It is beginning to look like the city is getting involved in trying to keep Astroland open. Yesterday, an unnamed city official was quoted in the Daily News as saying that the city would like to see the amusement park’s lease extended. Yesterday afternoon, Mayor Bloomberg seems to have expressed the same sentiment. “It would be a great shame if the amusements, which have been around for so many years and defined Coney Island and this city as much as anything,” he is quoted as saying in an AP story. “It would be a shame if we lost those.” Astroland operator Carol Hill Albert was trying to negotiate a two-year lease with developer Joe Sitt but has said that the developer had refused to negotiate or even talk. Last year, the displeasure of both the Mayor and Deputy Mayor Dan Doctoroff with Mr. Sitt was obvious at a news conference in which the city announced plans to acquire Mr.
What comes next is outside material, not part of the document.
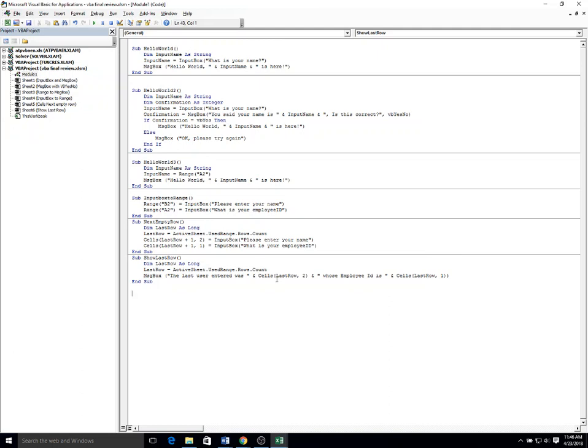So computing the last row in the message box shows the last row from column two to show the name and the cells for the last row in column one to show the employee ID with the phrases that have been concatenated.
Sitt’s land in the amusement district and dismissed him as incapable of operating a “world class amusement park.” According to AP, the Mayor said yesterday: “What we’re trying to do is to get Astroland to have another one-year extension of their lease so that we can get the rezoning done and then hopefully come to an agreement with Thor.” Ms. Albert did not respond to AP’s request for a comment. Thor spokesperson Stefan Friedman said no negotiations are underway with either the city or Ms. Albert. The Mayor, on the other hand, said that “there are private developers who have their own economic interests and then there’s the public that has a broader interest, and we’re trying to reconcile property values with what’s in the public interest, and hopefully we will come to an agreement.”
GL Analysis
Last week, we wrote that the city was deeply at fault in the Astroland situation by having done nothing to protect it or the rest of Coney Island while the rezoning process is ongoing and before any redevelopment starts. One can argue about the parameters of the rezoning and whether the city’s approach is appropriate or whether it has already made too many compromises to try to gain Mr. Sitt’s support and that of his political allies. On the other hand, it’s painfully clear the city is on the verge of allowing the premature destruction of the handful of assets that Coney Island does possess by failing to plan for an interim 1-5 year period when development is being planned. It is time for the city to get deeply involved in safeguarding Coney Island’s short-term future. Expressions of sadness that things are closing are not enough. It is time for the city to exercise the leverage it has and engage in some good old fashioned hardball negotiations with Mr. Sitt. The last time we checked, the city still held a good hand when it came to cutting a deal with the developer. If it intends to allow him to build the hotels and “entertainment retail” he deserves, one can only assume that the threat of rendering his property useless for such purposes might prove to be a bit of an incentive. Last November, the Mayor engaged in a great deal of bluster about how the city would get Mr. Sitt to see the light.
Well, it’s time to hit the switch, make the room very bright and tell the developer that, with all due respect, it’s time take off the sunglasses and negotiate in good faith about Coney’s short term future. Or else. Of course, nothing has happened in the last 36 months to inspire faith that will be outcome, but hope should always spring eternal.